Cerita Safari Dakwah DDII ke Mentawai: Sampai Ada Masjid Menjadi Kandang Babi

Cerita Safari Dakwah DDII ke Mentawai: Sampai Ada Masjid Menjadi Kandang Babi

Gelora News
facebook twitter whatsapp


www.gelora.co - Ahad (4/2) siang terik, Tim Safari Dakwah Dewan Dakwah Islamiyah Indonesia (DDII) menginjakkan kaki di Desa Berkat Ilahi. Bukan, gentar bukan lantaran desa ini mayoritas penduduknya non-Muslim, melainkan kisah yang meremas hati tentangnya.

Pada 1954, desa di seberang Ibukota Kecamatan Sikakap, Kab Kepulauan Mentawai, Sumatera Barat, ini diresmikan oleh Wakil Presiden Mohamad Hatta. Wapres Hatta menamakannya sebagai Desa Berkat Ilahi, lantaran saat itu penduduknya 100% Muslim.

Namun, sepuluh tahun kemudian, seluruh warga Desa Berkat berbalik aqidah. Satu-satunya masjid di desa itu roboh tak terpakai dan akhirnya jadi (maaf) kandang babi. Tragedi tersebut karena tiadanya da’i yang ditempatkan di sana. Umat mualaf akhirnya ‘’diopeni’’ pihak lain.

Siswono Yudohusodo, sewaktu menjadi Menteri Transmigrasi dan Pemukiman Perambah Hutan, pernah mengingatkan agar Mentawai tidak dilalaikan. “Kita sangat berdosa jika membiarkan masyarakat Mentawai hidup tertinggal sangat jauh dari saudara-saudaranya yang ada di Sumatera Barat sendiri maupun di daerah lain di Indonesia,” tutur Siswono saat memberi pengarahan pada Seminar Nasional ‘‘Pulau-Pulau Kecil, Terpencil, dan Strategis di Bukittinggi’’ pada Maret 1997.

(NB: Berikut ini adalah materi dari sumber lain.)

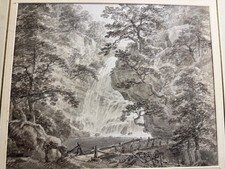 Landscape drawing Welsh waterfall Tany Bwlch Vale of Festiniog Wales in ink
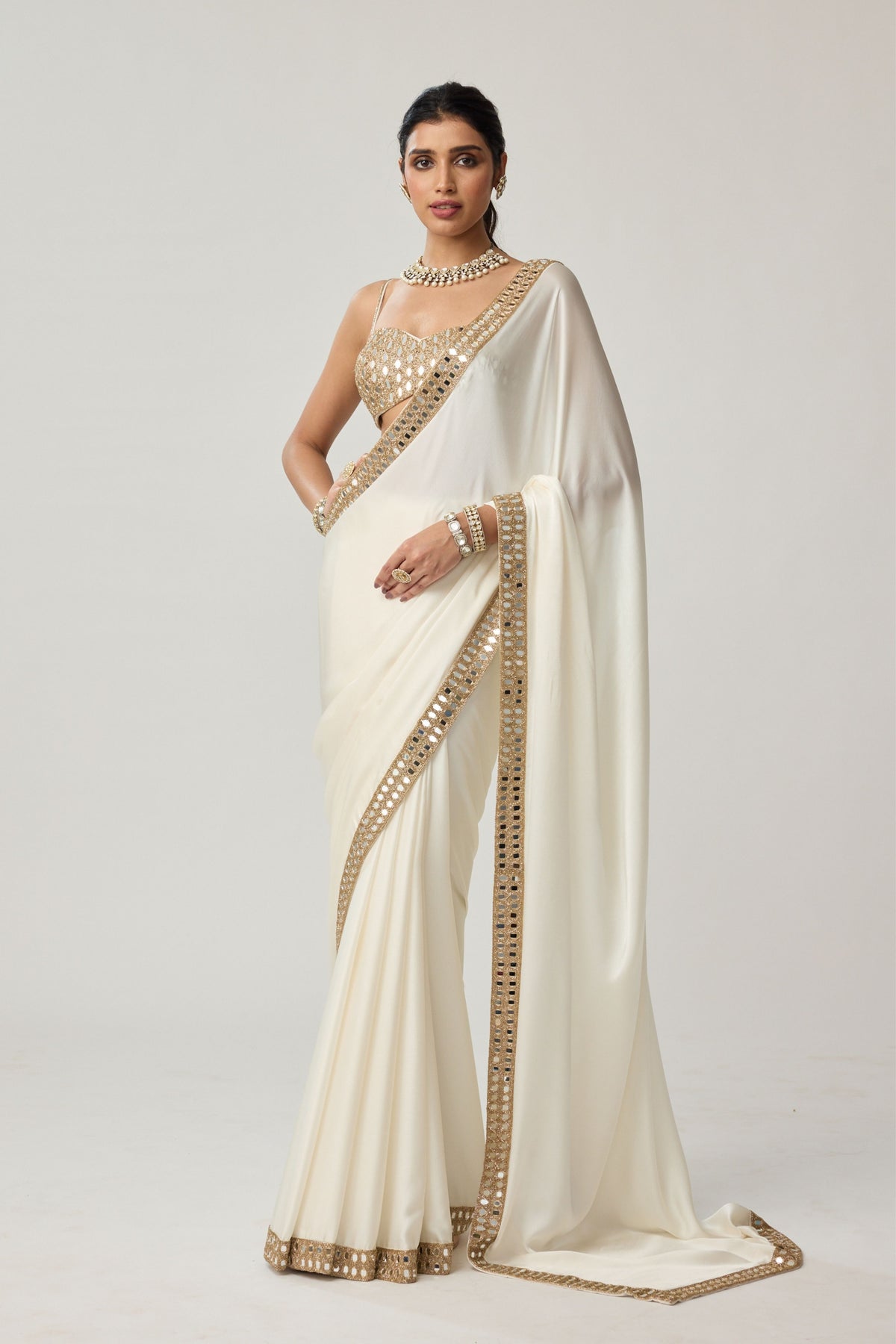 Off White Mirror Saree Set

Pada 2013, melalui Gerakan Muslim Minang (GMM) donatur dari Kajang, Malaysia, membangun Mushola Berkah Ilahi di sana. Ini menandai aktifnya gerakan dakwah. Alhamdulillah, saat ini sudah ada tujuh keluarga muslim dari total 97 KK penduduk Berkat Ilahi. Mereka dibina Ustadz Sulaiman, da’i asal Pulau Siberut, Mentawai, yang ditugaskan GMM.

Secara historis, menurut mantan Ketua Dewan Dakwah Sumbar, Buya Mas’ud Abidin, Islam lebih dulu masuk ke Mentawai. Agama Islam dibawa suku-suku tetangga Mentawai, terutama Enggano, Bengkulu, Aceh dan Minangkabau.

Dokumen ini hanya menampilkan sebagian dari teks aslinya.